# What's Wrong with Graph Coloring?

David Koes and Seth Copen Goldstein Computer Science Department Carnegie Mellon University {dkoes,seth}@cs.cmu.edu

Graph coloring is the de facto standard technique for register allocation within a compiler. In this paper we examine the intuition that a better coloring algorithm results in better register allocation. By replacing the coloring phase of the gcc compiler's register allocator with an optimal coloring algorithm, we demonstrate both the importance of extending the graph coloring model to better express the costs of allocation decisions and the unsuitability of a pure graph coloring model of register allocation.

#### 1 Introduction

Register allocation is one of the most important optimizations a compiler performs and is becoming increasingly important as the gap between processor speed and memory access time widens. The textbook [2, 16, 1] approach for performing register allocation begins by building an interference graph of the program. If variables interfere, they cannot be assigned to the same register. Thus, if there are k registers, register allocators attempt to solve the NP-complete problem of finding a k-coloring of a graph. If not all the variables can be colored with a register assignment, some variables are spilled to memory and the process is repeated.

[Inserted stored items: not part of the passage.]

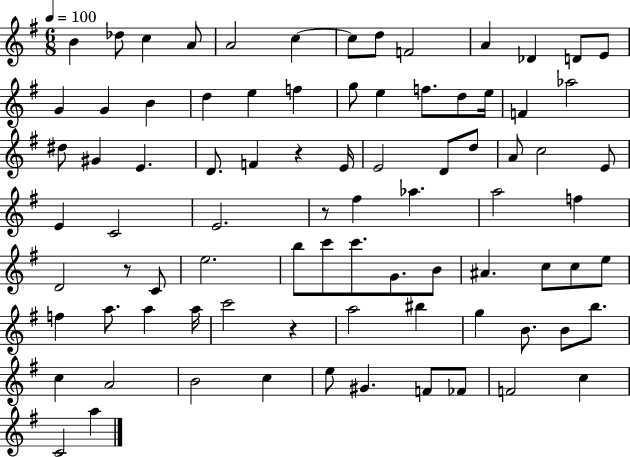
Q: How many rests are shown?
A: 4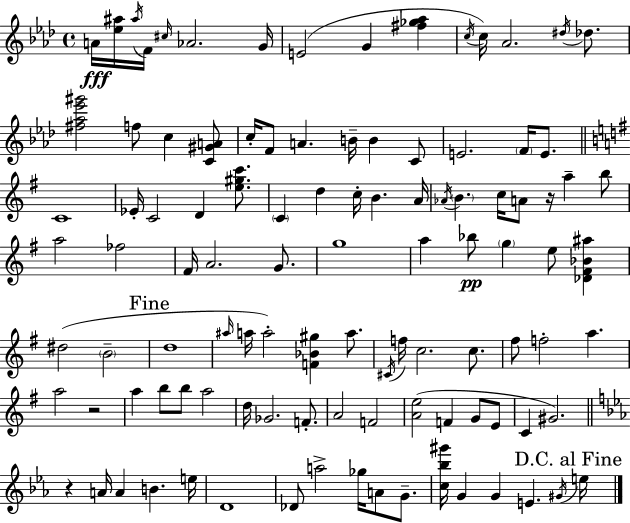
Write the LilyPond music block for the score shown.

{
  \clef treble
  \time 4/4
  \defaultTimeSignature
  \key f \minor
  \repeat volta 2 { a'16\fff <ees'' ais''>16 \acciaccatura { ais''16 } f'16 \grace { cis''16 } aes'2. | g'16 e'2( g'4 <fis'' ges'' aes''>4 | \acciaccatura { c''16 } c''16) aes'2. | \acciaccatura { dis''16 } des''8. <fis'' aes'' ees''' gis'''>2 f''8 c''4 | \break <c' gis' a'>8 c''16-. f'8 a'4. b'16-- b'4 | c'8 e'2. | \parenthesize f'16 e'8. \bar "||" \break \key g \major c'1 | ees'16-. c'2 d'4 <e'' gis'' c'''>8. | \parenthesize c'4 d''4 c''16-. b'4. a'16 | \acciaccatura { aes'16 } \parenthesize b'4. c''16 a'8 r16 a''4-- b''8 | \break a''2 fes''2 | fis'16 a'2. g'8. | g''1 | a''4 bes''8\pp \parenthesize g''4 e''8 <des' fis' bes' ais''>4 | \break dis''2( \parenthesize b'2-- | \mark "Fine" d''1 | \grace { ais''16 } a''16 a''2-.) <f' bes' gis''>4 a''8. | \acciaccatura { cis'16 } f''16 c''2. | \break c''8. fis''8 f''2-. a''4. | a''2 r2 | a''4 b''8 b''8 a''2 | d''16 ges'2. | \break f'8.-. a'2 f'2 | <a' e''>2( f'4 g'8 | e'8 c'4 gis'2.) | \bar "||" \break \key c \minor r4 a'16 a'4 b'4. e''16 | d'1 | des'8 a''2-> ges''16 a'8 g'8.-- | <c'' bes'' gis'''>16 g'4 g'4 e'4. \acciaccatura { gis'16 } | \break \mark "D.C. al Fine" e''16 } \bar "|."
}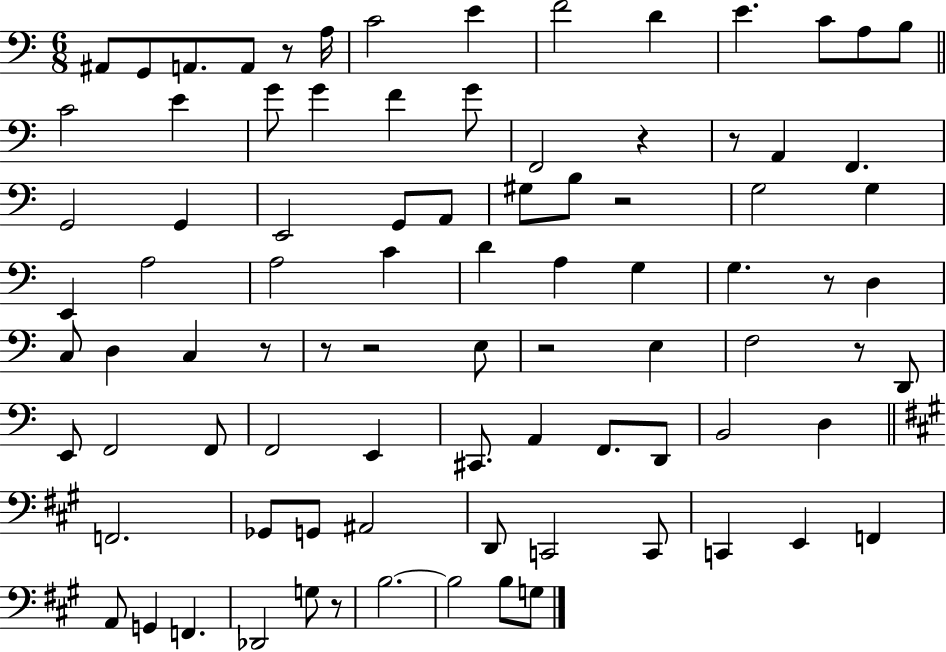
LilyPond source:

{
  \clef bass
  \numericTimeSignature
  \time 6/8
  \key c \major
  \repeat volta 2 { ais,8 g,8 a,8. a,8 r8 a16 | c'2 e'4 | f'2 d'4 | e'4. c'8 a8 b8 | \break \bar "||" \break \key a \minor c'2 e'4 | g'8 g'4 f'4 g'8 | f,2 r4 | r8 a,4 f,4. | \break g,2 g,4 | e,2 g,8 a,8 | gis8 b8 r2 | g2 g4 | \break e,4 a2 | a2 c'4 | d'4 a4 g4 | g4. r8 d4 | \break c8 d4 c4 r8 | r8 r2 e8 | r2 e4 | f2 r8 d,8 | \break e,8 f,2 f,8 | f,2 e,4 | cis,8. a,4 f,8. d,8 | b,2 d4 | \break \bar "||" \break \key a \major f,2. | ges,8 g,8 ais,2 | d,8 c,2 c,8 | c,4 e,4 f,4 | \break a,8 g,4 f,4. | des,2 g8 r8 | b2.~~ | b2 b8 g8 | \break } \bar "|."
}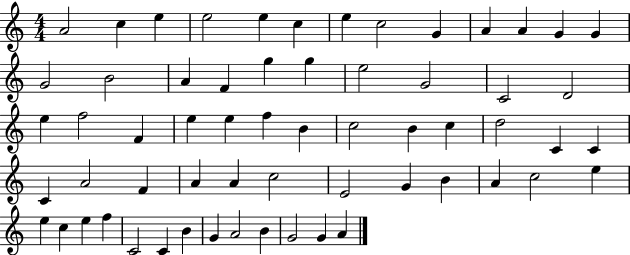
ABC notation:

X:1
T:Untitled
M:4/4
L:1/4
K:C
A2 c e e2 e c e c2 G A A G G G2 B2 A F g g e2 G2 C2 D2 e f2 F e e f B c2 B c d2 C C C A2 F A A c2 E2 G B A c2 e e c e f C2 C B G A2 B G2 G A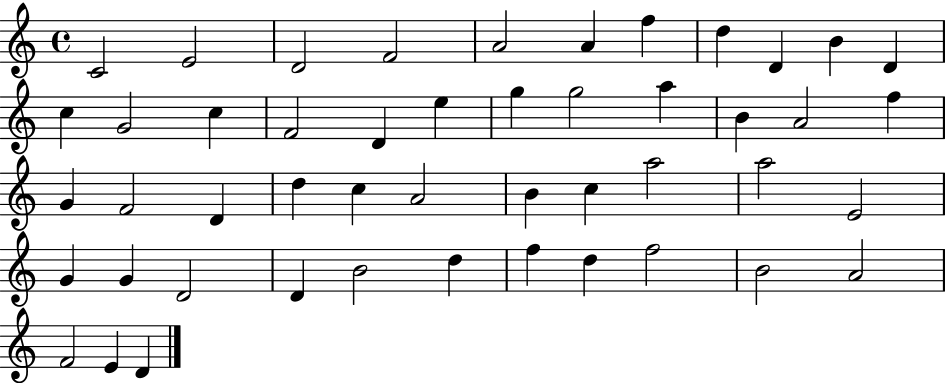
C4/h E4/h D4/h F4/h A4/h A4/q F5/q D5/q D4/q B4/q D4/q C5/q G4/h C5/q F4/h D4/q E5/q G5/q G5/h A5/q B4/q A4/h F5/q G4/q F4/h D4/q D5/q C5/q A4/h B4/q C5/q A5/h A5/h E4/h G4/q G4/q D4/h D4/q B4/h D5/q F5/q D5/q F5/h B4/h A4/h F4/h E4/q D4/q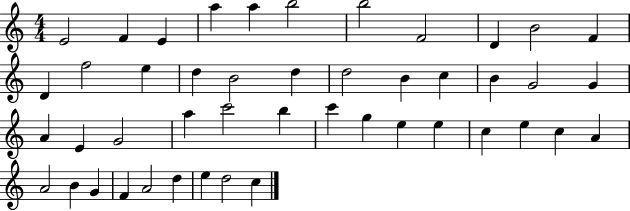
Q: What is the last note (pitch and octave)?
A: C5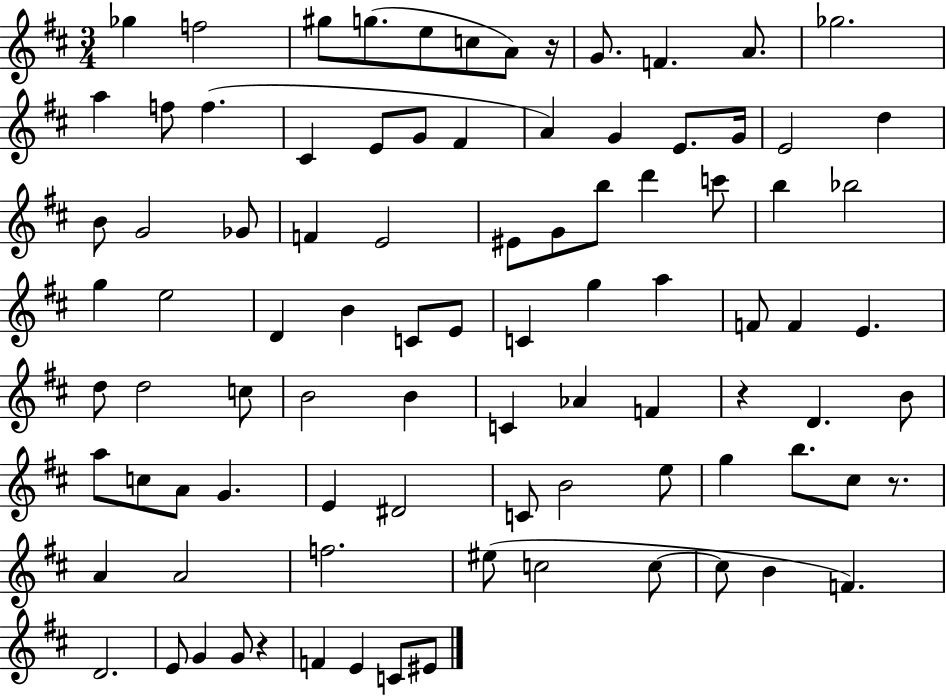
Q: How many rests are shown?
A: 4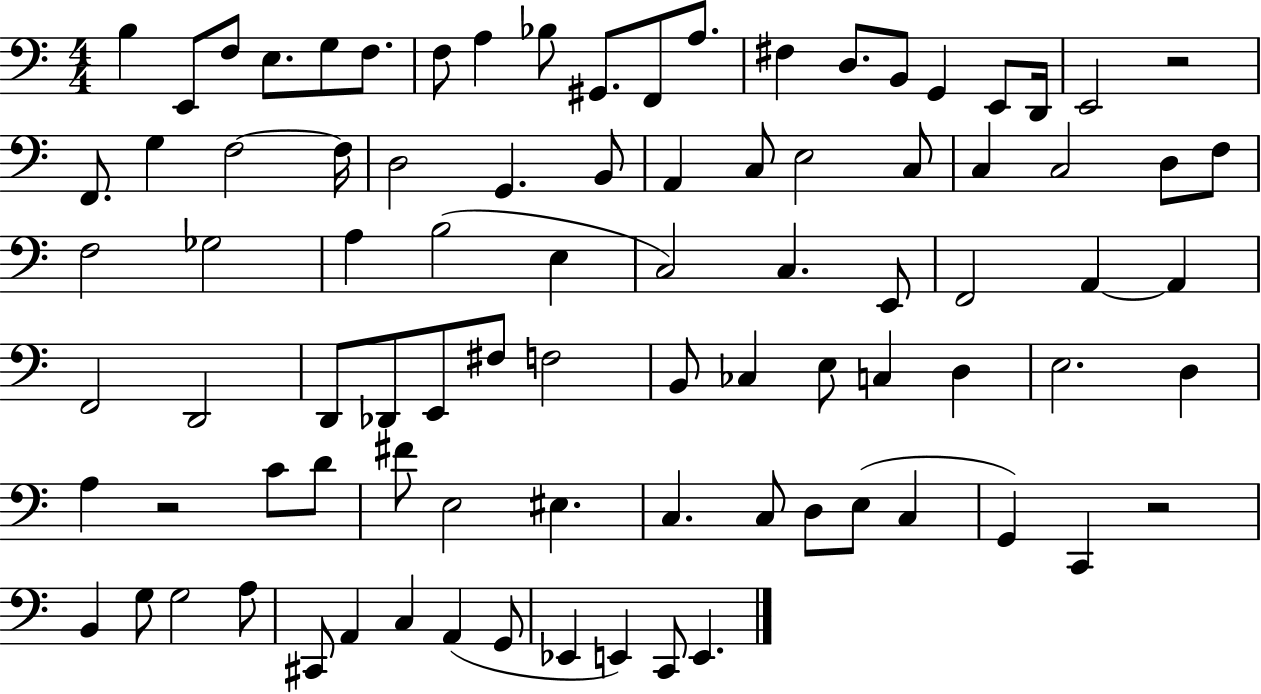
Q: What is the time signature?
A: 4/4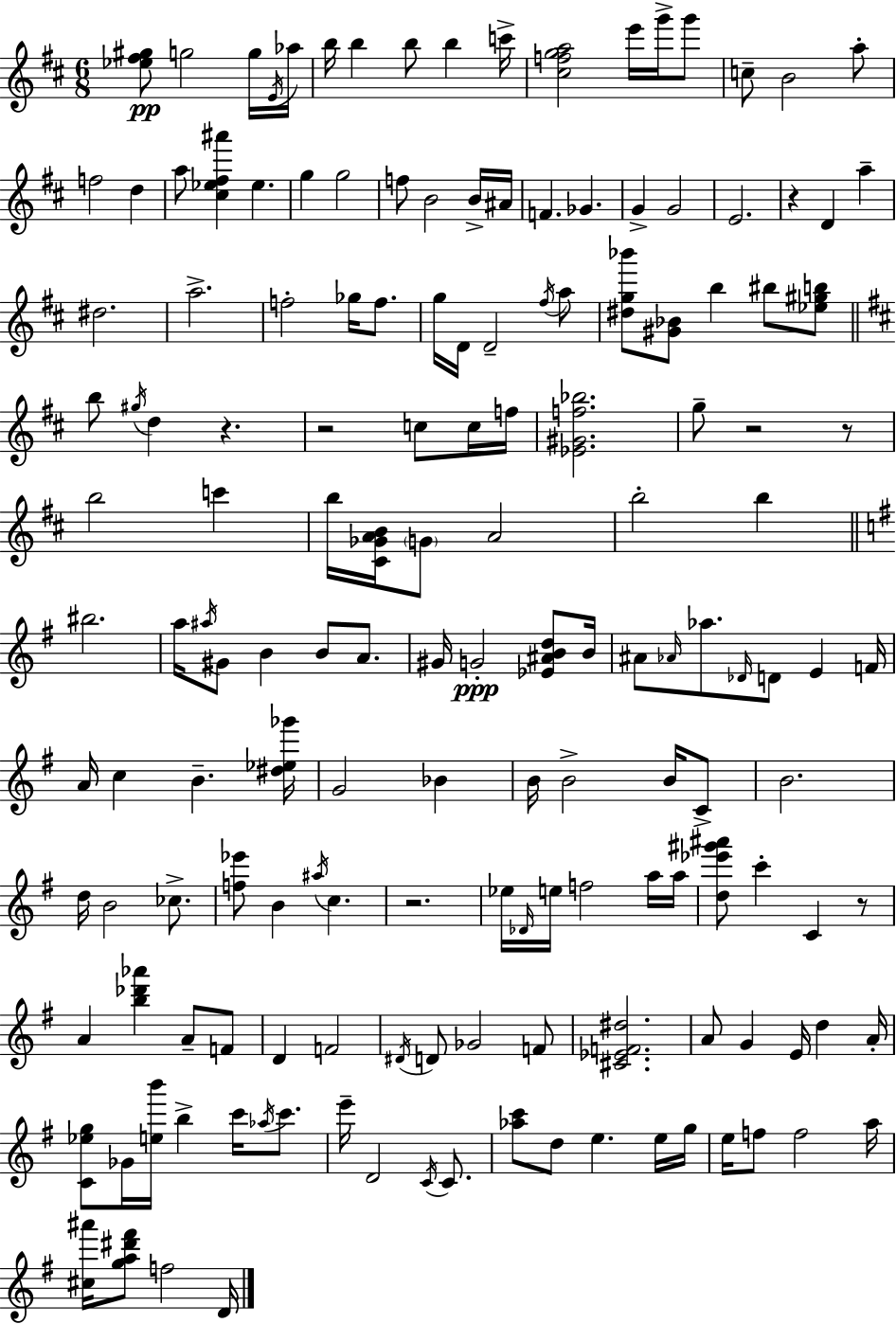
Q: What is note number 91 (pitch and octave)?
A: C5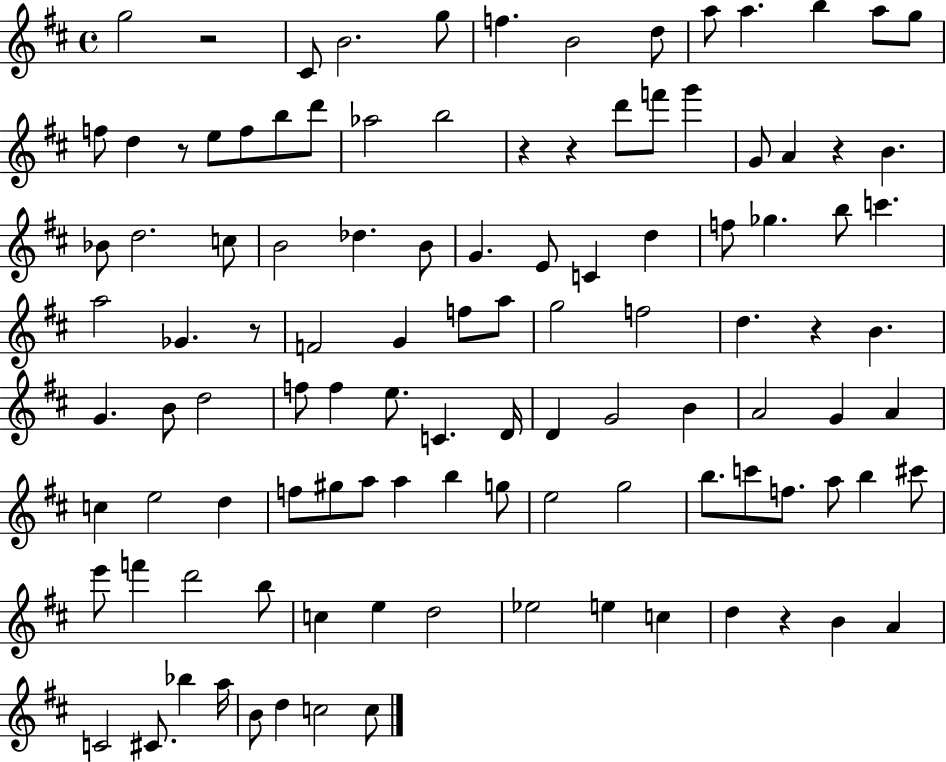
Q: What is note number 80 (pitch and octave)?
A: B5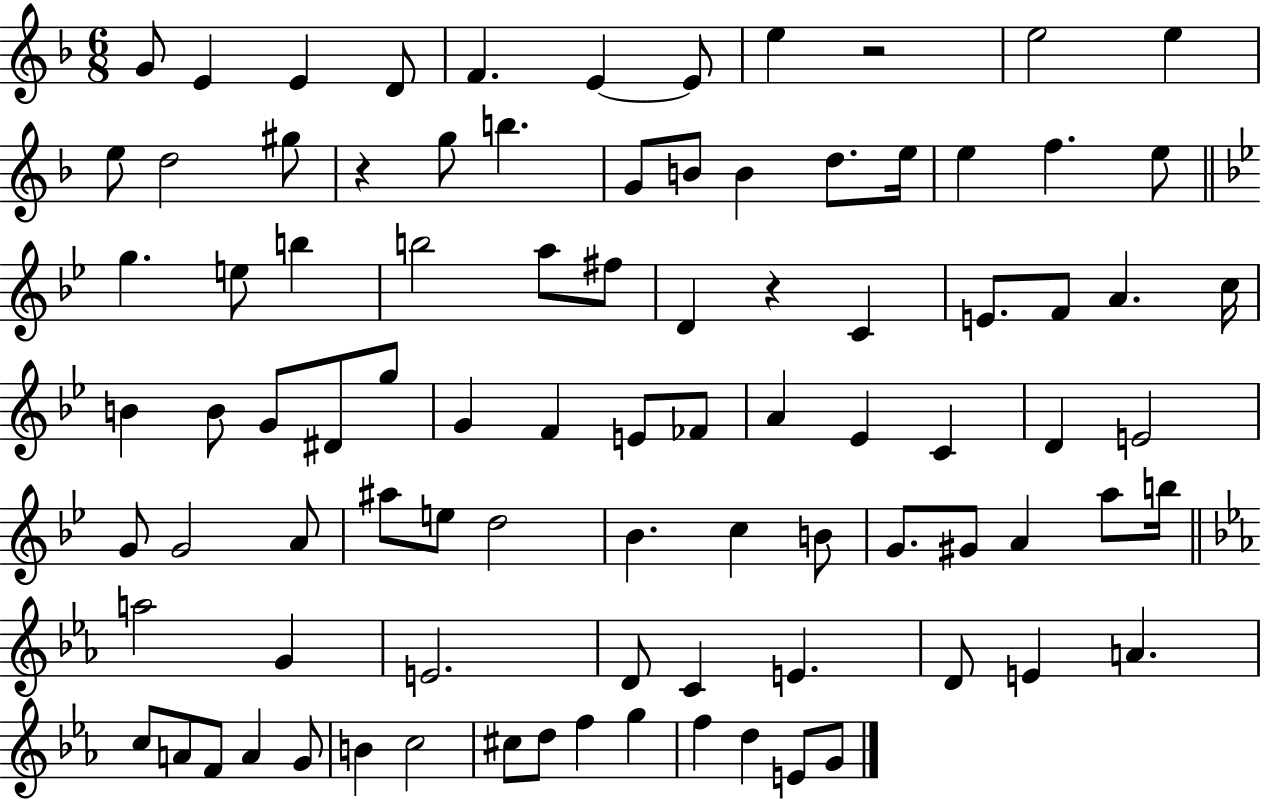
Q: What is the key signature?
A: F major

An initial intuition one might have is that the quality of the register allocation found by a graph coloring register allocator would be primarily dictated by performance of the coloring algorithm.



Figure 1: The flow of a traditional graph coloring algorithm.

We debunk this intuition by comparing a simple heuristic coloring algorithm to an optimal algorithm. Not only does the heuristic usually find as good a coloring as the optimal algorithm, but we show that the quality of the register allocation is determined by factors other than the quality of coloring, such as how spill decisions are made and extensions to the simple graph model which more accurately model the costs of allocation. We deconstruct the performance of a graph coloring register allocator by examining the effect on performance as these extensions to the simple graph model are added to an optimal coloring pass.

We describe the standard algorithm for graph coloring register allocation in Section 2 and our optimal coloring algorithm in Section 3. Our evaluation procedure is described in Section 4 with results given in Section 5. We conclude with some discussion in Section 6.

## 2 Graph Coloring

#### 2.1 Algorithm

The traditional optimistic graph coloring algorithm[6, 8, 7] consists of five main phases as shown in Figure 1:

**Build** An interference graph is constructed using the results of data flow analysis. A node in the graph represents a variable. An edge connects two nodes if the variables represented by the nodes interfere and cannot be allocated to the same register. Restrictions on what registers a variable may be allocated to can be implemented by adding precolored nodes to the graph.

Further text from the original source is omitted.